We’ve had a strong track record investing in India for many years and were among the earliest investors to recognize the country’s potential. The broader market appears to be coming around to our view, as India’s booming economy has attracted many investors who may have overlooked the country a decade ago. Amid the current enthusiasm, we think valuations have become somewhat indiscriminate and have gotten ahead of fundamentals in some cases. However, we think the market still offers very attractive long-term growth opportunities. While we remain selective, we still find reasonably valued, high-quality growth companies, some of which are trading at pre-pandemic valuations. Currently, we find some of the most attractive opportunities within the financial sector.
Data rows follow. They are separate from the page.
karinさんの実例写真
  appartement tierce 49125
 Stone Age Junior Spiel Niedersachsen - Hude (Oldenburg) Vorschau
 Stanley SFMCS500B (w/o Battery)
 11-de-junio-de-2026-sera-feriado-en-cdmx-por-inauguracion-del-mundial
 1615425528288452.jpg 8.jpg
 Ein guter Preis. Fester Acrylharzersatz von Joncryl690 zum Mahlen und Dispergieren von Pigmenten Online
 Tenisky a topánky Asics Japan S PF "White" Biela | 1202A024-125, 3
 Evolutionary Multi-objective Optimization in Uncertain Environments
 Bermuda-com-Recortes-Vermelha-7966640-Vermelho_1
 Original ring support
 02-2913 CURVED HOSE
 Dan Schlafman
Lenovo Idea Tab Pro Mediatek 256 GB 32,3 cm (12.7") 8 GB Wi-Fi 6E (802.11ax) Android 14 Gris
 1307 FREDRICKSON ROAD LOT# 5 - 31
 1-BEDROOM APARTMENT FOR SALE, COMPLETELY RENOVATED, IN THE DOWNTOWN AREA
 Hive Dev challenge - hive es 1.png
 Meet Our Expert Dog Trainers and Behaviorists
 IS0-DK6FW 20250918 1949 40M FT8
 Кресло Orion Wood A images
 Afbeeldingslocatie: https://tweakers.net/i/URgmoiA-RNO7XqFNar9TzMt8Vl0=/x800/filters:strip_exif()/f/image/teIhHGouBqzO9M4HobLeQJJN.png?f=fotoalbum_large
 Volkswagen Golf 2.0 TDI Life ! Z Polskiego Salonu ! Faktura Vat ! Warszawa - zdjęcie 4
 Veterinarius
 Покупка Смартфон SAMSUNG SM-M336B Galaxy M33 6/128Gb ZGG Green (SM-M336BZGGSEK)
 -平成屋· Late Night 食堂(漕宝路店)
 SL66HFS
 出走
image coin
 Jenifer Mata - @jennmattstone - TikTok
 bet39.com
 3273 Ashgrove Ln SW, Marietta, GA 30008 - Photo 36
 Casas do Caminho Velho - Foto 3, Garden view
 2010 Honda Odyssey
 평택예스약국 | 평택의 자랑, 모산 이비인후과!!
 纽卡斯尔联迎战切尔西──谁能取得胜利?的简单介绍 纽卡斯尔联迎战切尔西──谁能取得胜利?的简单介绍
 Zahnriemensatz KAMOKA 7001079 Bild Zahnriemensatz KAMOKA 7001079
INDIA’S INFRASTRUCTURE BOOM CONTINUES, AND ITS SCOPE IS UNDERAPPRECIATED

Infrastructure improvements have been a theme in India for several years, but the buildout still has a long runway. For perspective, at a time in which India is seeking to narrow its fiscal gap, the government still increased infrastructure spending by 11% in its 2024–25 fiscal year budget—a total equivalent to US$134 billion. And infrastructure spending as a percent of India’s GDP continues to climb, increasing from 1.6% of GDP in 2018–19 to 3.2% in 2023–24. On our research team’s most recent trip, we observed a notable improvement in the infrastructure of India’s Tier 3, 4 and 5 cities. For example, we found major roads that are hours outside major cities to be much improved, and many smaller towns now have modern-looking metro stations.


MEANWHILE, SOME OF THE LARGE INFRASTRUCTURE PROJECTS WITHIN INDIA’S MEGACITIES ARE COMPLETE AND CREATING TANGIBLE EFFICIENCIES

Our research team traveled across the new Mumbai Trans Harbour Link, commonly known as Atal Setu, which opened in January. The 13.5-mile bridge is India’s longest sea bridge and connects Sewri and Navi Mumbai, two districts within the metropolis. The six-lane bridge shortens the drive time between the two areas from two hours to just 20 minutes. Management teams also told us there has been a marked improvement in power reliability, with a substantial reduction in electrical outages. Put together, we expect continual infrastructure improvements to have a multiplier effect on productivity over the next 10 to 20 years.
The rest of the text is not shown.